Required work: Word for word, repeat each entry that follows.
-----
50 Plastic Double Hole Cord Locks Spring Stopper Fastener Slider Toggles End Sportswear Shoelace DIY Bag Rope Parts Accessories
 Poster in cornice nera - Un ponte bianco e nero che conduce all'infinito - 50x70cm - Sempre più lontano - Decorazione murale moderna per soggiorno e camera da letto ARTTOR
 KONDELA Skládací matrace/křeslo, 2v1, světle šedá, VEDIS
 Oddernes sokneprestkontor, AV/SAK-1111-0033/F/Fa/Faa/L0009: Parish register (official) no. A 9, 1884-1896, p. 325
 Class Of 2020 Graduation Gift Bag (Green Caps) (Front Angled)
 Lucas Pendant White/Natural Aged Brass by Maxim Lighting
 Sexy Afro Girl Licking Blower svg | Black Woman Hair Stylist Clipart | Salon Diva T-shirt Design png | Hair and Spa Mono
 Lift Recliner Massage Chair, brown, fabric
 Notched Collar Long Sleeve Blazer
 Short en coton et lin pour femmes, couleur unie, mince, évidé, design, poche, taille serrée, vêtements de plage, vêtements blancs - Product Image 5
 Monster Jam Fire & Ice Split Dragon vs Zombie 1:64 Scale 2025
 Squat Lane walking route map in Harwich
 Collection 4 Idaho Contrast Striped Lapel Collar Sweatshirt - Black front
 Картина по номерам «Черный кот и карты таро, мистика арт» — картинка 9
-----
Task solution:
50 Plastic Double Hole Cord Locks Spring Stopper Fastener Slider Toggles End Sportswear Shoelace DIY Bag Rope Parts Accessories
 Poster in cornice nera - Un ponte bianco e nero che conduce all'infinito - 50x70cm - Sempre più lontano - Decorazione murale moderna per soggiorno e camera da letto ARTTOR
 KONDELA Skládací matrace/křeslo, 2v1, světle šedá, VEDIS
 Oddernes sokneprestkontor, AV/SAK-1111-0033/F/Fa/Faa/L0009: Parish register (official) no. A 9, 1884-1896, p. 325
 Class Of 2020 Graduation Gift Bag (Green Caps) (Front Angled)
 Lucas Pendant White/Natural Aged Brass by Maxim Lighting
 Sexy Afro Girl Licking Blower svg | Black Woman Hair Stylist Clipart | Salon Diva T-shirt Design png | Hair and Spa Mono
 Lift Recliner Massage Chair, brown, fabric
 Notched Collar Long Sleeve Blazer
 Short en coton et lin pour femmes, couleur unie, mince, évidé, design, poche, taille serrée, vêtements de plage, vêtements blancs - Product Image 5
 Monster Jam Fire & Ice Split Dragon vs Zombie 1:64 Scale 2025
 Squat Lane walking route map in Harwich
 Collection 4 Idaho Contrast Striped Lapel Collar Sweatshirt - Black front
 Картина по номерам «Черный кот и карты таро, мистика арт» — картинка 9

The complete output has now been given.